As EDM's influence fades and hip-hop settles into position as pop's foundation, the universe of Latin rhythm and melody is revitalizing the Top 40. Rosalia is the Catalan auteur leading the way. Like many young artists, she's not abandoning her roots, but reimagining them. Her music is rooted in the folkloric, theatrical lineage of flamenco, which she studied seriously for a decade before fashioning her hybrid urban Latin sound. Her 2018 album, El Mal Querer – inspired by a 14th-century novel of "dark love" – won the hearts of critics and influencers, and she went on to collaborate with Latin pop superstar J Balvin on the song "Con Altura," which became a worldwide smash. Rosalia's fluidity in combining experimental and mainstream elements distinguishes her, as does the fact that she sings in Spanish – she's the first artist who performs solely in that language to be nominated as best new artist.
Tank and the Bangas
As much as 21st-century pop often floats forth from an unmoored Internet, it's also generated within local communities whose reach grows through unprecedented platforms. NPR Music's own Tiny Desk is one such platform, as New Orleans collective Tank and the Bangas discovered in the wake of winning our Tiny Desk Contest in 2017. By then, the group, led by slam poet and joy generator Tarriona "Tank" Ball on lead vocals, had come to embody what one writer called "New Orleans now": jazz-kissed but not old-timey, letting the good times roll in ways that acknowledge the complexities of life in an old city always seeking to transcend new problems. This is the kind of band that creates community wherever it goes – the best illustration of the new spin on jam bands that's turned a sometimes-derided genre into the freshest ground out there.

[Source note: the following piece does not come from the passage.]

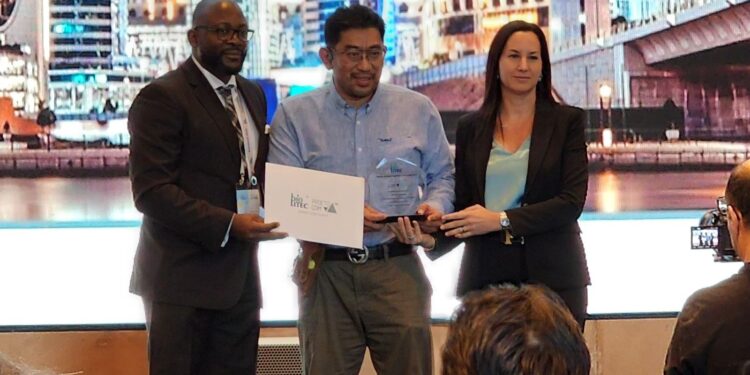 Mengubah Tantangan Fistula Ani Menjadi Harapan: Perjuangan Dr. Tony Sukentro di Kancah Dunia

No new artist stands for the power of reinvention more than the woman born Yolanda Quartey in Bristol in 1984. Before becoming Americana's beloved new sensation following a move to Nashville in 2018, Yola had another life as a pop songwriter in her native England, and a singer with dance-driven acts like Massive Attack. Her first love, however, was country music, a genre she patiently and fiercely made her own, first with the band Phantom Limb and then in solo music that frames her as an inheritor to both Dusty Springfield and Dolly Parton. Working with vintage-sound master Dan Auerbach of The Black Keys, Yola has effortlessly updated classic country soul on her debut album Walk Through Fire; even more powerful are her live performances, which inevitably win legions of new fans. With country at a crossroads, Yola is a major force in illustrating what the genre can be at its most authentically American.